** Input follows **
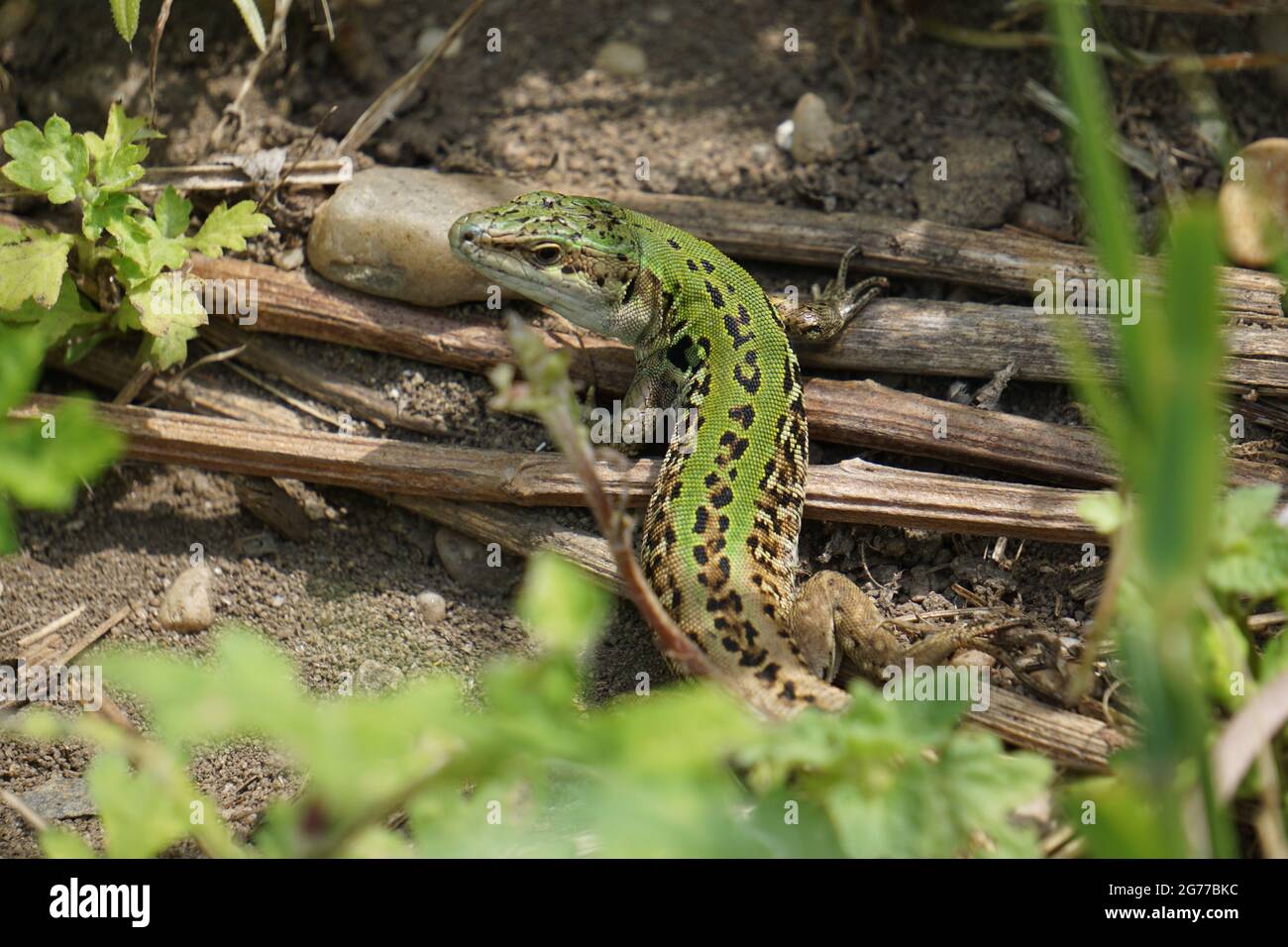 Italienische Zauneidechse (Podarcis sicula) Stockfoto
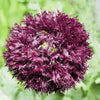 250 BLACK Swan PEONY POPPY Papaver Somniferum Dark Burgundy Double Flower Seeds
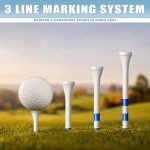 CHAMPKEY 200 Count Premium Wood Golf Tees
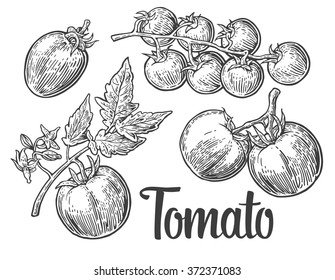  Tomatoes. Engraving vintage vector black illustration. Isolated on white background. Hand drawn design element for label and poster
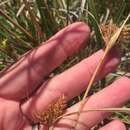 Image of Carex ecklonii Nees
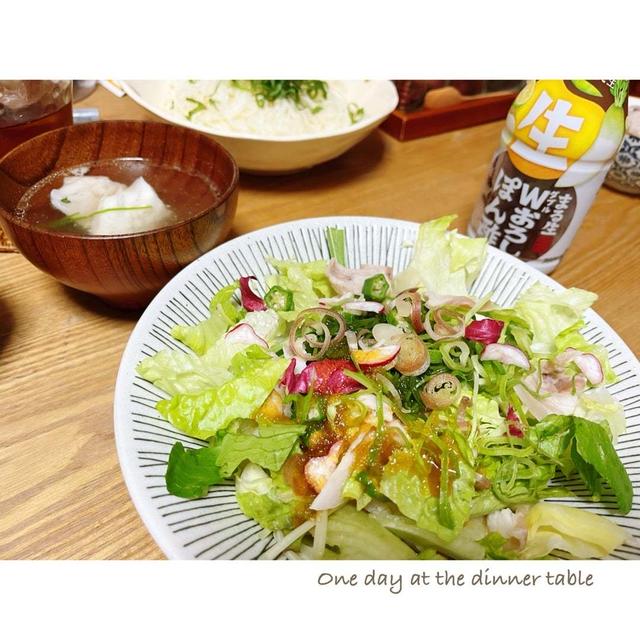 ある日の晩ごはん。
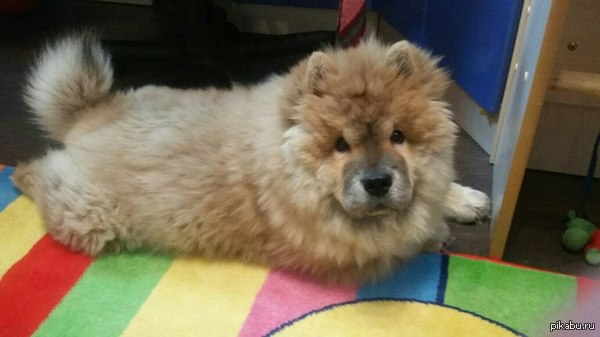 ������������ �����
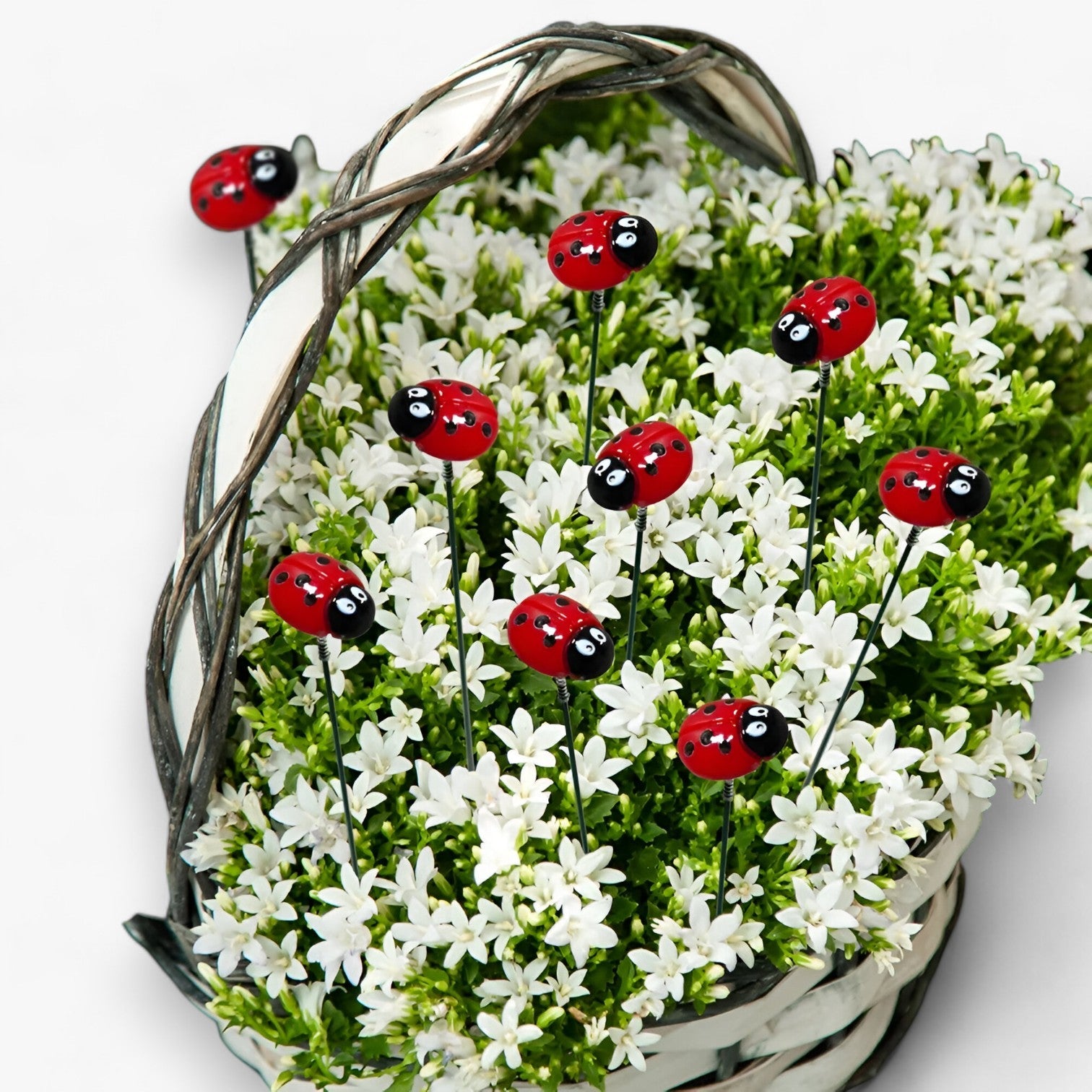 Stecche da Giardino a forma di Coccinella - - coccinella forma garden Garden accessories Garden supplies giardino Home & Garden stecche stecche giardino - Concept Palermo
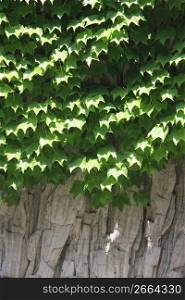 Ivy of fresh green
** End of Input **
## Problem to work on
The required output is a verbatim repetition of the lines from the opening of the entries above through the line containing "CHAMPKEY 200 Count Premium Wood Golf Tees", inclusive, with no pictures and nothing else.

## Exercise output
 Italienische Zauneidechse (Podarcis sicula) Stockfoto
 250 BLACK Swan PEONY POPPY Papaver Somniferum Dark Burgundy Double Flower Seeds
 CHAMPKEY 200 Count Premium Wood Golf Tees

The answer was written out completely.